Starting Galaxy server is the first thing that needs to be done by users. Galaxy server should NOT be run on cedar login node or any compute node. We have a dedicated server called "gateway" and it is used for this purpose. It contains a web server with relevant Cedar filesystems, /project and /home directories mounted on it. Users cannot make a SSH connection to this machine due to security reasons, however we have designed a web site on this machine that allows users to start/stop their own galaxy server. The website also allows users to user Galaxy web interface to communicate with the server. To do that please go to the website https://gateway.cedar.computecanada.ca/ and click on Galaxy link. You will be asked to enter your username and password. Your username and password is the same as your computecanada one.

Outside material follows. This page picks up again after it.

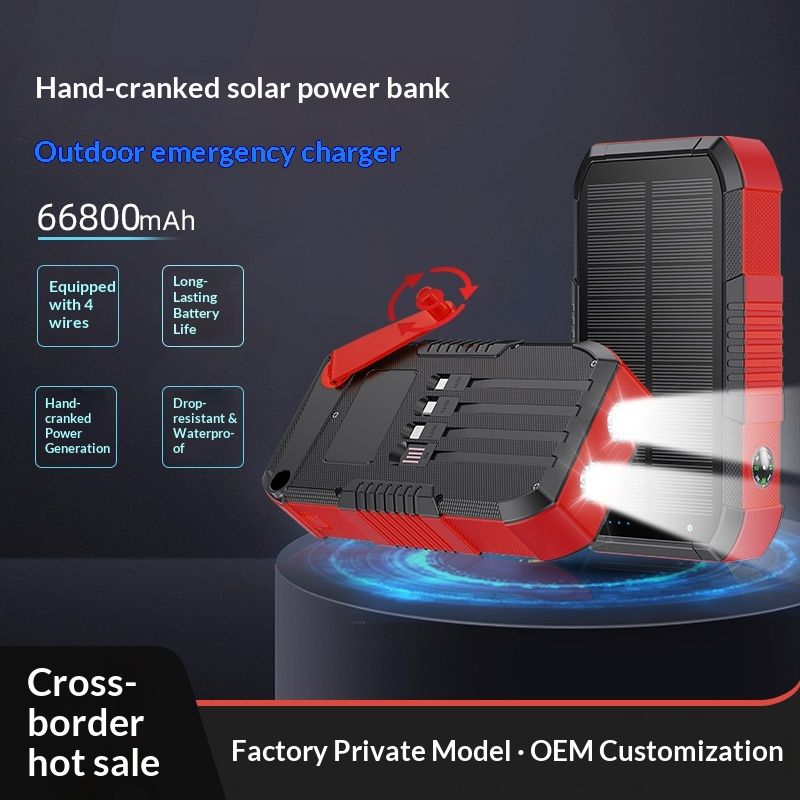 Bestseller: Multifunktionale Outdoor-Solarbank mit integriertem Kabel, hoher Kapazität von 66800 mAh und Handkurbelantrieb_voghion.com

Once you authenticate then you will be automatically redirect to your galaxy server manager website where you can manage your server or use Galaxy web interface.

Galaxy configuration

Files in the config directory are used to configure your Galaxy server. Configuring and optimizing Galaxy is tricky and explaining all the configuration files is beyond the scope of this article. Here we explain some configuration details which you should know about. We recommend you go though these configuration files and set them up appropriately. However, we strongly recommend not to overwrite the following variables that are set by the admin. Here are some of those variables:

  • File galaxy.yml: its most important and the main configuration file. The following variables are set in this file:
    • http: contains your unique port number
    • database_connection is the name of your Galaxy database and your database server.
    • virtualenv is the path to a Python virtual environment in the gateway machine
    • file_path, new_file_path, tool_config_file, shed_tool_config_file, tool_dependency_dir, tool_data_path, visualization_plugins_directory, job_working_directory, cluster_files_directory, template_cache_path, citation_cache_data_dir, citation_cache_lock_dir are appropriate paths for tools, tool sheds and dependencies.
  • job_conf.xml: Variables in this file are used for submitting jobs to Slurm. Various packages have different job specifications. For example, package "spades" uses 8 cores with a wall-time of 3 hours and the job will be submitted under your default group name def-xxxxx. Please take a look at this file and set up your desired job specifications. Note that any change in these configuration files requires the server to be restarted.